Cadmium induces placental glucocorticoid barrier damage by suppressing the cAMP/PKA/Sp1 pathway and the protective role of taurine

内科学 内分泌学 糖皮质激素 福斯科林 牛磺酸 皮质酮 毒性 化学 蛋白激酶A 下调和上调 胎儿 生物 激酶 激素 生物化学 医学 怀孕 基因 氨基酸 遗传学 刺激
作者
Na Chen,Xia Tong,Sisi Wu,Xu Xu,Qihui Chen,Fan Wang
出处
期刊:Toxicology and Applied Pharmacology [Elsevier]

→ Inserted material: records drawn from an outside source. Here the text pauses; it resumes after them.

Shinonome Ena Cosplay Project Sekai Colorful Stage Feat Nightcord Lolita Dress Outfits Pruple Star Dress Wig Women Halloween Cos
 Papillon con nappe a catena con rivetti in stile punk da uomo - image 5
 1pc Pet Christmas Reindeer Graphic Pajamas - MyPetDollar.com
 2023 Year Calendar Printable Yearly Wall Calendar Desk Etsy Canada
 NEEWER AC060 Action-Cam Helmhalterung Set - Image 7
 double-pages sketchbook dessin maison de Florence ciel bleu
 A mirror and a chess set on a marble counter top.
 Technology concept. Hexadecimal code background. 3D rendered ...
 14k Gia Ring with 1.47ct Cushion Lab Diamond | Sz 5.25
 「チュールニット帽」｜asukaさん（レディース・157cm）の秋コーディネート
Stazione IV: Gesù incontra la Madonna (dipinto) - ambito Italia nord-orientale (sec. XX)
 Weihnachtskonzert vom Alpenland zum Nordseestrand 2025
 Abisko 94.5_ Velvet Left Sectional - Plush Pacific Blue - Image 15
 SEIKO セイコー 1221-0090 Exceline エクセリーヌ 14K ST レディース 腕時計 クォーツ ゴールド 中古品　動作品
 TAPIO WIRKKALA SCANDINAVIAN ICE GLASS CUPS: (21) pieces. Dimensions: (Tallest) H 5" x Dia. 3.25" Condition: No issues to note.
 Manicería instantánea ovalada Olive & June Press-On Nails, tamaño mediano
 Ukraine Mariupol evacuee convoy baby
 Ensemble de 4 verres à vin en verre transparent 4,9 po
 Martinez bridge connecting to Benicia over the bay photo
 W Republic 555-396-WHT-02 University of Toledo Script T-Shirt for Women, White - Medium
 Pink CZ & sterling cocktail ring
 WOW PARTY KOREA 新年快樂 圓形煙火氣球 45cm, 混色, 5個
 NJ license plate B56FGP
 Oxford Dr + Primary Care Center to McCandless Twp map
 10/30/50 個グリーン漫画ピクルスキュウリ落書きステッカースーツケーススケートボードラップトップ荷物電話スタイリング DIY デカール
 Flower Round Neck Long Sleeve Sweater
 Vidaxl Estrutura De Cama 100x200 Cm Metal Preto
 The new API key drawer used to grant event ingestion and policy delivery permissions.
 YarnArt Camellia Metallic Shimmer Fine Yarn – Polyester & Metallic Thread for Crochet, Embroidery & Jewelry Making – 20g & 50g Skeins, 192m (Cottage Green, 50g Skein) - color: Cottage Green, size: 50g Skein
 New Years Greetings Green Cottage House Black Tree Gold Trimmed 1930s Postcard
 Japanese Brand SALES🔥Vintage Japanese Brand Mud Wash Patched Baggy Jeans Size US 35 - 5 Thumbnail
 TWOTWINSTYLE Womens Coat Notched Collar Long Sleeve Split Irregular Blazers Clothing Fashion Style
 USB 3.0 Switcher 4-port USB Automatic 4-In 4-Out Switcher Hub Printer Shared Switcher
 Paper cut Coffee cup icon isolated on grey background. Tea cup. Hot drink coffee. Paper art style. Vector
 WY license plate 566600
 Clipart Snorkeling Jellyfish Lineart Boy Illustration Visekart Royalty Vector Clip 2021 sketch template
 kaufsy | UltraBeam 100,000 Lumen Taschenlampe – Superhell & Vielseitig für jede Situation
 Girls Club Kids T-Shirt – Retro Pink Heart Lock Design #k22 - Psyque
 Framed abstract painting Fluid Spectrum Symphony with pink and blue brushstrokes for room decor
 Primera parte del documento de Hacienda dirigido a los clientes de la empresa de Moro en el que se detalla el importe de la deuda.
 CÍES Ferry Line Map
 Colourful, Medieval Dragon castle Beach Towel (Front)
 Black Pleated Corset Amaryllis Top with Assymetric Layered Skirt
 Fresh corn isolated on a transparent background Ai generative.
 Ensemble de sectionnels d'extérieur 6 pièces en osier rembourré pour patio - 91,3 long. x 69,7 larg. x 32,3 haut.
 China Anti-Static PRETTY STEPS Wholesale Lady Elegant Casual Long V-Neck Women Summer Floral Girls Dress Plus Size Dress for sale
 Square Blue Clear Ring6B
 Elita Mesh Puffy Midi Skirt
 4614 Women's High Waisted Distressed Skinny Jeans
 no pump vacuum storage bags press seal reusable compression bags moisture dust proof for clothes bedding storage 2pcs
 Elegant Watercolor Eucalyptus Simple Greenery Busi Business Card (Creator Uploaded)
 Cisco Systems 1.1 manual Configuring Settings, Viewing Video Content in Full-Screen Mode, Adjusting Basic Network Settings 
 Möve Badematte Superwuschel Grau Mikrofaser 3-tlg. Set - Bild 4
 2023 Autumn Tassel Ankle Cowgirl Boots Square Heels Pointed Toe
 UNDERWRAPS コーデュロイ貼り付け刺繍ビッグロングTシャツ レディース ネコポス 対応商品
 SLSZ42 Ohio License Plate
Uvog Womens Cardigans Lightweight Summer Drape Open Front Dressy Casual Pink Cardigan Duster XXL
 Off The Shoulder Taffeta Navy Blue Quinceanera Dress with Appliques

卷期号:440: 115938-115938 被引量:8
标识
DOI:10.1016/j.taap.2022.115938
摘要

Cadmium (Cd) exposure during pregnancy damages the placental glucocorticoid (GC) barrier, exposes the foetus to excess corticosterone (CORT) levels, and eventually inhibits foetal development. In addition, taurine (Tau) alleviates the toxicity of Cd on liver and kidney, but limited data are available on the role of Tau against the toxicity of heavy metals on female reproduction and fetal development. The present study was conducted to investigate the specific mechanism of Cd-induced placental GC barrier damage and the protective role of Tau. Pregnant rats were administered CdCl2 (1 mg/kg/day) and Tau (100, 200, or 300 mg/kg/day) by gavage from gestational day (GD) 0 to 19. The data showed that CdCl2 increased the foetal growth restriction (FGR) rate of the offspring, and the levels of CORT in the placental, maternal and foetal serum. Treatment with Tau significantly reversed the impact of Cd on both maternal and fetal parameters. Additionally, Tau can attenuate Cd-induced inhibition of 11β-hydroxysteroid dehydrogenase 2 (11β-HSD2) and specificity protein 1 (Sp1) in vivo and vitro. Furthermore, Sp1-siRNA alone reduced 11β-HSD2 levels and had a further inhibitory effect when the cells were treated with Cd simultaneously. Moreover, Cd suppressed cAMP/PKA signalling. Forskolin (adenylate cyclase agonist) pretreatment activated cAMP/PKA signalling and restored the Cd-induced downregulation of Sp1 and 11β-HSD2. Tau alleviated the Cd-induced decrease of Sp1 via activating cAMP/PKA signalling. Therefore, the results highlight that Tau protects against Cd-induced impairments in GC barrier damage by upregulating the cAMP/PKA/Sp1 pathway in placental trophoblasts.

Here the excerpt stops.